[[ Source material, beginning ]]

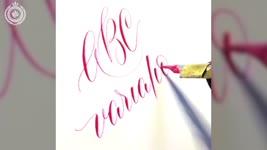 Super Satisfying Copperplate Calligraphy Compilation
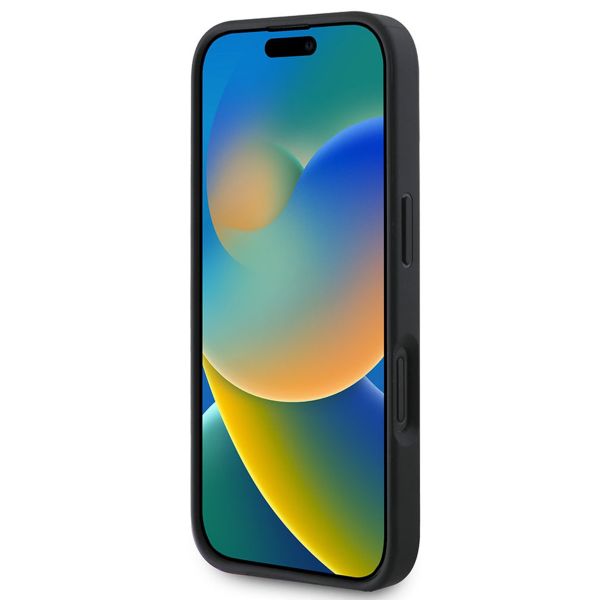 Guess Coque arrière Bottom Stripe 4G Apple iPhone 16 - Gris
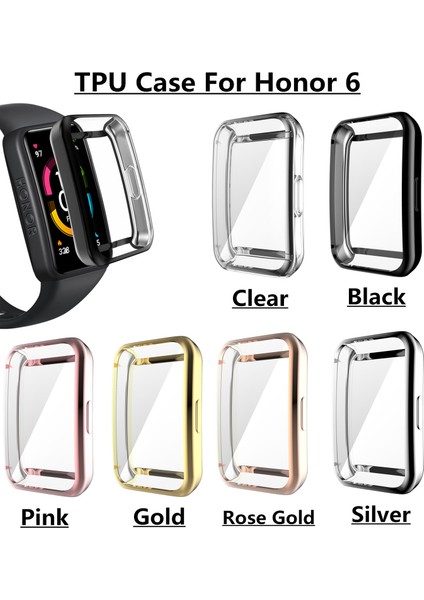 Huawei Band 7 Için Ekran Koruyuculu Kasa Korumalı Gard Kapak fırsatları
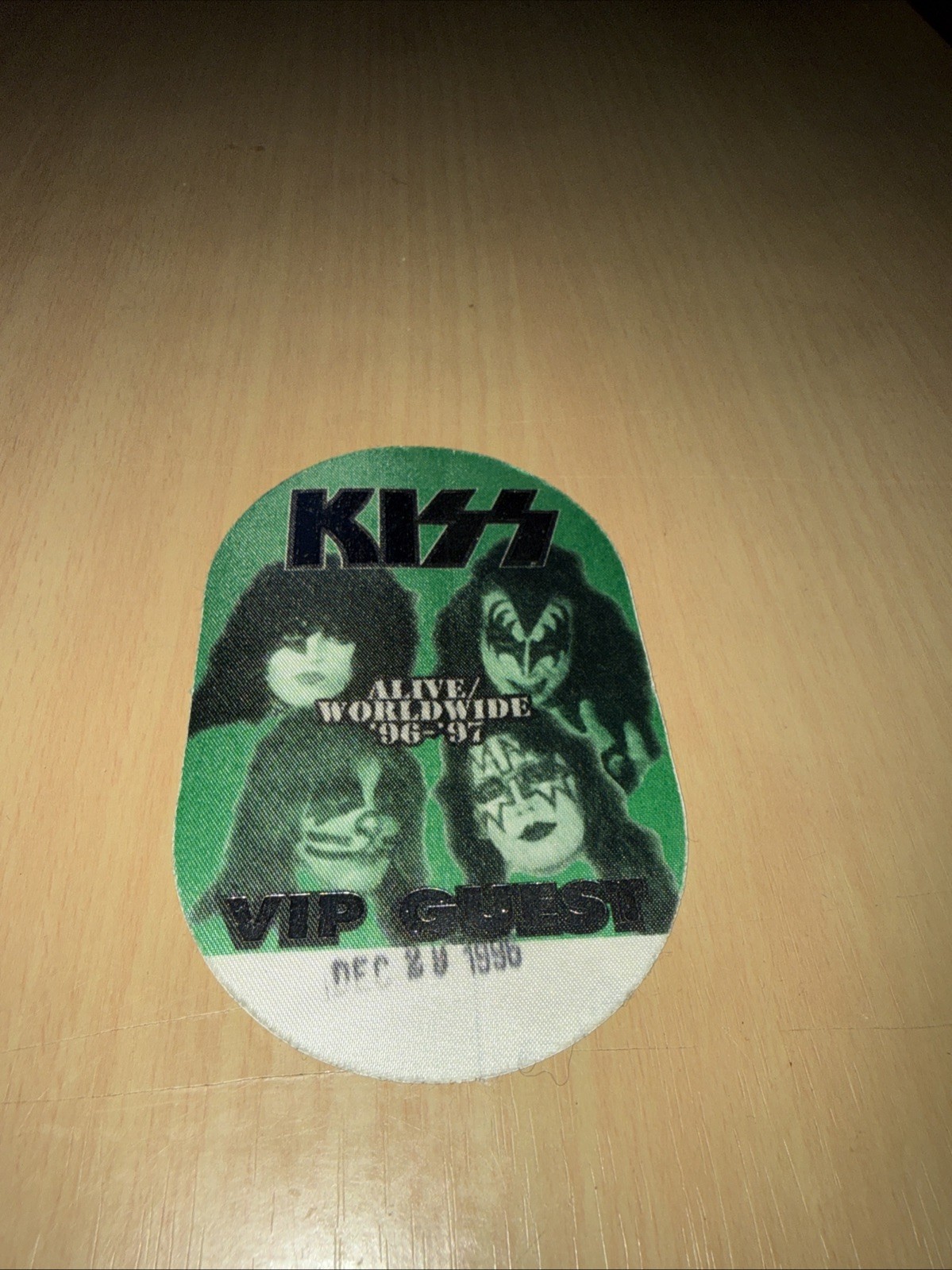 KISS 1996-97 Alive/Worldwide Tour Backstage Pass VIP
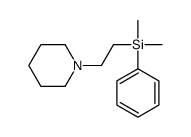 dimethyl-phenyl-(2-piperidin-1-ylethyl)silane Structure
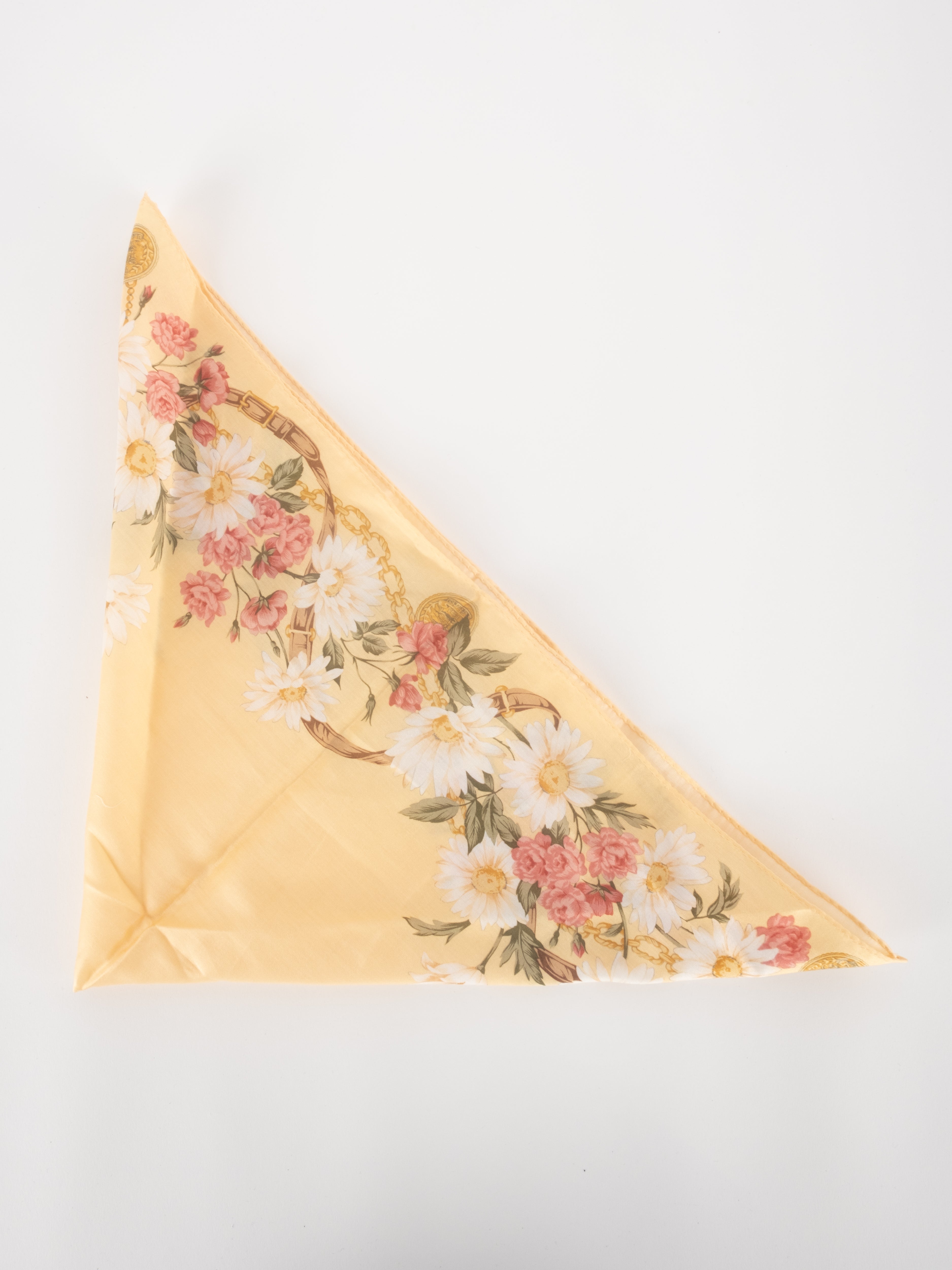 Burberry Floral Silk Scarf – Vintage Cream Bloom Print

[[ Source material, end ]]

* _Task item_: Without the pictures, return all the records precisely as they stand.

* _Response below_:
 Super Satisfying Copperplate Calligraphy Compilation
 Guess Coque arrière Bottom Stripe 4G Apple iPhone 16 - Gris
 Huawei Band 7 Için Ekran Koruyuculu Kasa Korumalı Gard Kapak fırsatları
 KISS 1996-97 Alive/Worldwide Tour Backstage Pass VIP
 dimethyl-phenyl-(2-piperidin-1-ylethyl)silane Structure
 Burberry Floral Silk Scarf – Vintage Cream Bloom Print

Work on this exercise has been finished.